EXERCISE BRIEF ▸ The full set of lines below has to be duplicated exactly, with no picture kept.

THE DATA ▸
----

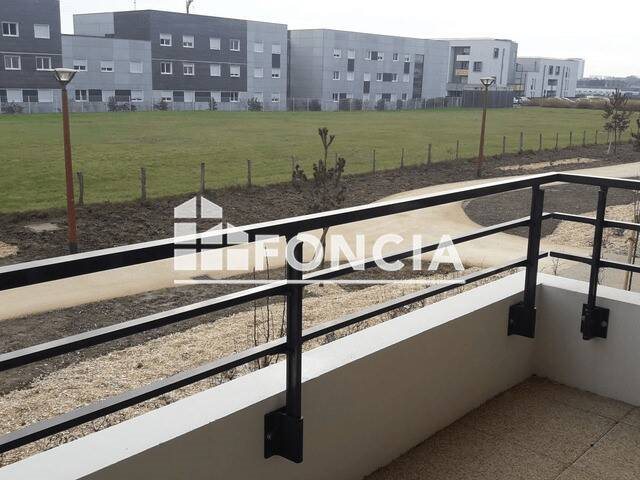 Appartement à louer, 67m², Angers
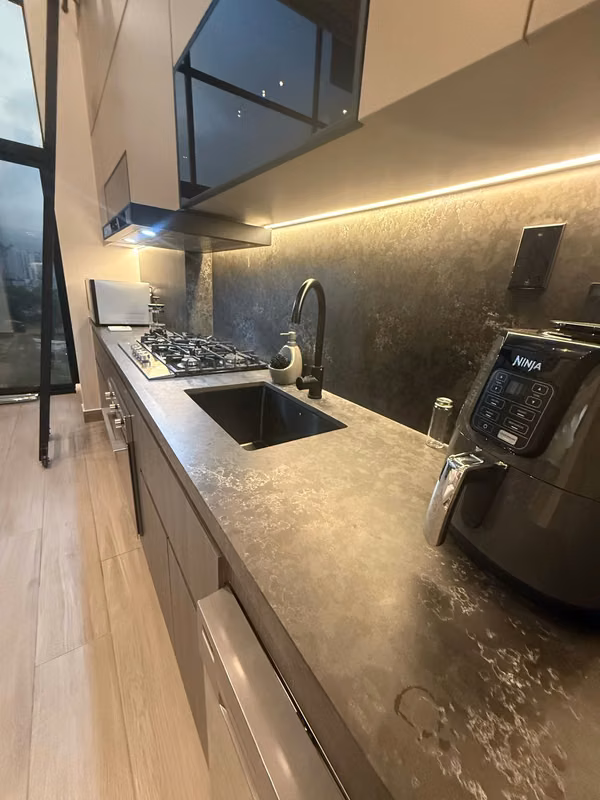 LUXURY APARTMENT IS RENTED PH DOVLE FIFTIETH ANNIVERSARY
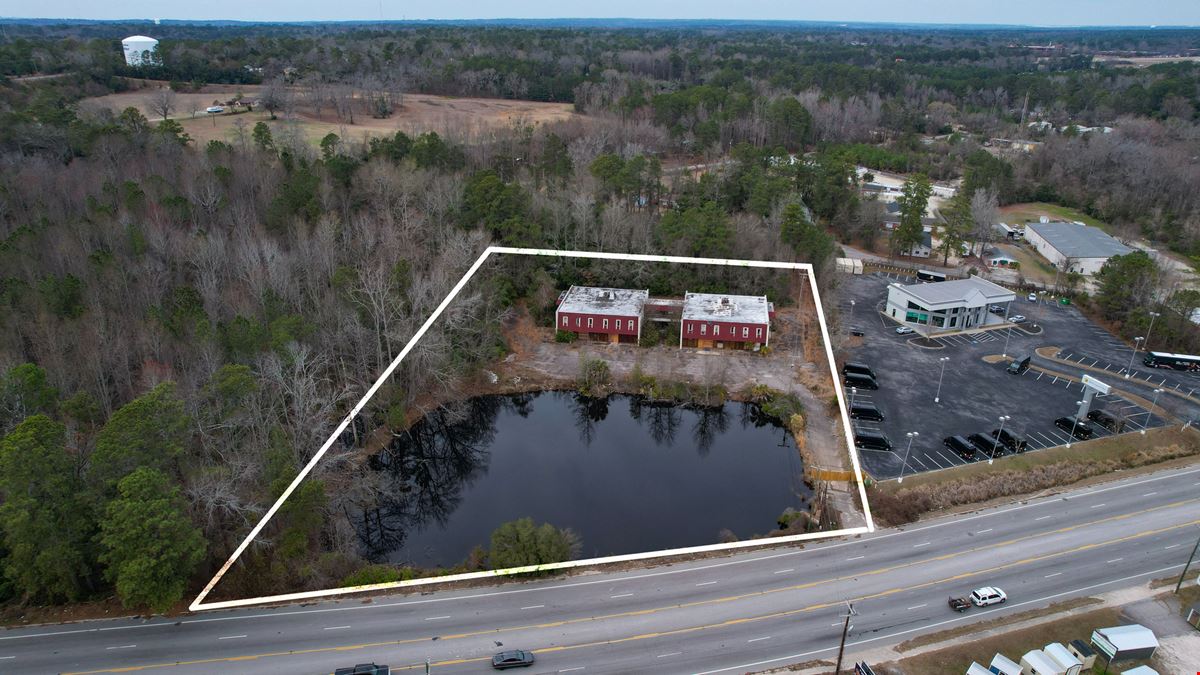 4949 TWO NOTCH Road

----

REPLY TO THE TASK ▸
 Appartement à louer, 67m², Angers
 LUXURY APARTMENT IS RENTED PH DOVLE FIFTIETH ANNIVERSARY
 4949 TWO NOTCH Road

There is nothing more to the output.